Me, Me, Me?: The Search for Community in Post-war England, by Jon Lawrence

Book of the week: A. W. Purdue is impressed by a bold attempt to rethink the relationship between solidarity and ambition

十月 10, 2019
Miners in canteen
Source: Getty

Jon Lawrence sets out to rebut the increasingly popular refrain, summed up by his book’s title, that the sense of community that once characterised much of English society has died out and that we now live as individuals and consumers. Community hasn’t died, he argues, but it has changed, and in many ways for the better. Although it always found room for personal choice, it now makes more space for it, showing that “individualism and community may be polar opposites in social theory, but not in lives as they are actually lived”.

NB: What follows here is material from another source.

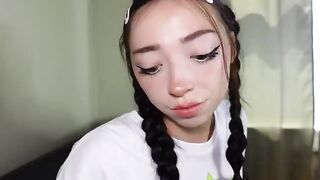 She twerks on his cock before her parents come home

This is an ambitious and wide-ranging book, perhaps too wide in its scope, for there have been and are so many different English societies as to make generalisations dangerous. In practice, Lawrence concentrates on largely working-class communities, but even then the differences between Bethnal Green in east London and the working-class areas of Tyneside or Liverpool are vast. Nevertheless, the central argument of this well-researched and original study is largely convincing.

Much of the book is concerned with debunking the many myths and romantic notions that surround English, and particularly working-class English, society as it existed in the mid-20th century. As the author notes, one problem is nostalgia: from at least the early years of the Industrial Revolution, “cultural critics have been comparing their own fragmented, hedonistic, and selfish times with an earlier age of social harmony and community”. Whereas Coleridge and Ruskin yearned for a past rural society, today’s critics tend to idealise aspects of the very industrial society that their predecessors despised.

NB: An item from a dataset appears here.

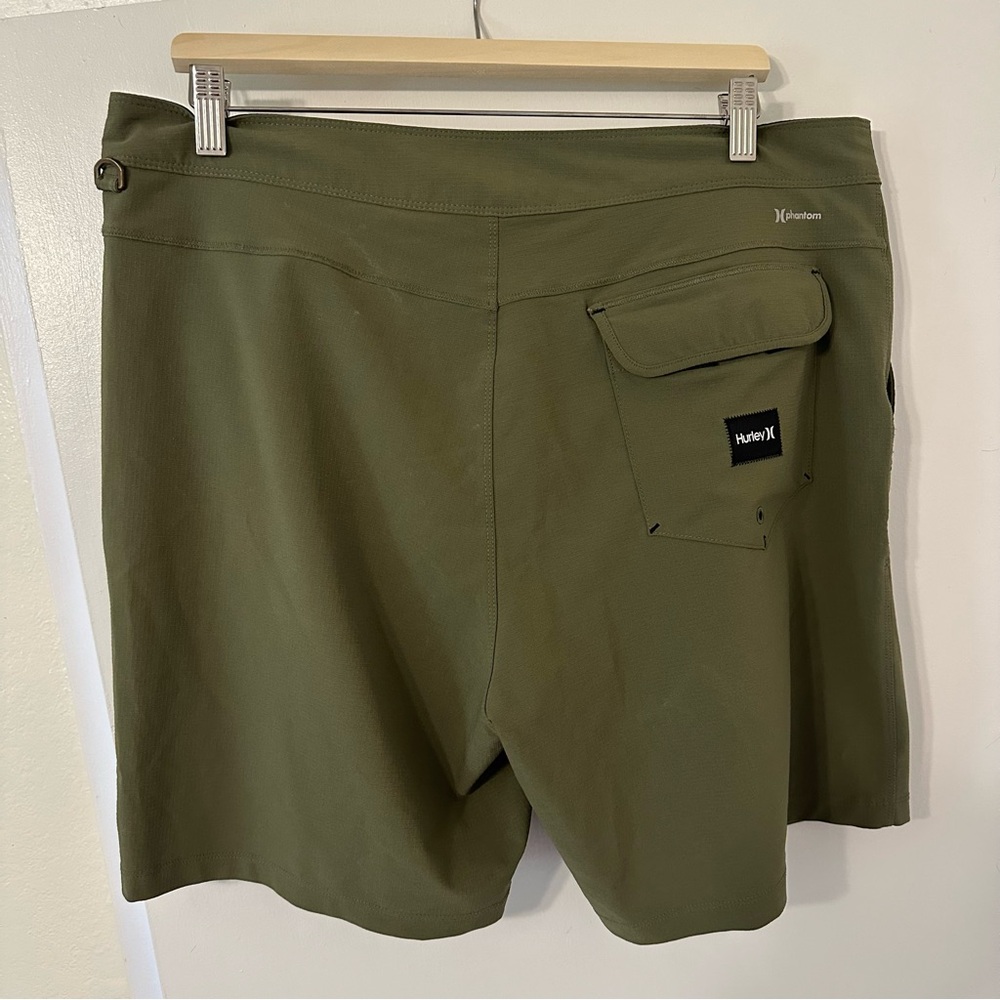 Hurley swim trunks - Picture 2 of 2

Although making considerable use of regional studies, Lawrence recognises a problem: many of them are conducted by people who do not come from the communities studied and, inevitably, bring their own expectations and preferences with them. Their surveys may be based on a vast number of personal views and opinions, but those who draw conclusions from them may well prioritise attitudes and values that conform to their own assumptions. Thus, words and phrases such as “cohesion”, “close-knit” and “mutual support” can come to be seen as positives, while “individualism”, “ambition” and “self-fulfilment” are regarded as their opposites (or even as negatives). Lawrence disputes this interpretation and sums up his purpose as “exploring how people have sought to reconcile the deep-rooted individualism of English popular culture with the urge for social connection through family and community”.

For many of us, the archetypal examples of close-knit communities are probably the mining communities and towns dominated by single industries, where work was the force that pervaded much of social, cultural and domestic life. Social status was determined largely by position in the workplace, with big hewers in mining villages, shipwrights and boilermakers in shipbuilding towns and foundry workers in iron and steel towns forming labour aristocracies. Social life replicated working life, with workers drinking in pubs named after their trade or even in different rooms according to grade, while the timing of holidays was fixed according to the requirements of the industry. Even gender relations were formed by the nature of work: the position of women was very different in cotton towns, where women had worked for generations, from in the north-east, where it was rare for working-class women to work outside the home.

Lawrence’s claim is that, even in places which came closest to this image of collective communities (and they were far from typical, with multi-industry towns being clearly different), this image is, at best, partial: community, collectivism and cooperation always existed side by side with private life, personal ambition, kinship and consumerism. The supportive evidence he brings from a wealth of personal family histories suggests that such communities were, in geographic, social and occupational terms, far more mobile than has usually been suggested. People didn’t necessarily work in one industry for all their lives: miners became seamen, seamen, miners or shipyard workers, and many aspired to become proprietors of corner shops; they moved house, within or between towns, often because of kinship networks; new industries or higher pay attracted waves of immigration, with Scots and Irish emigrating to Tyneside or Liverpool, and the ambitious, as ever, moving to London.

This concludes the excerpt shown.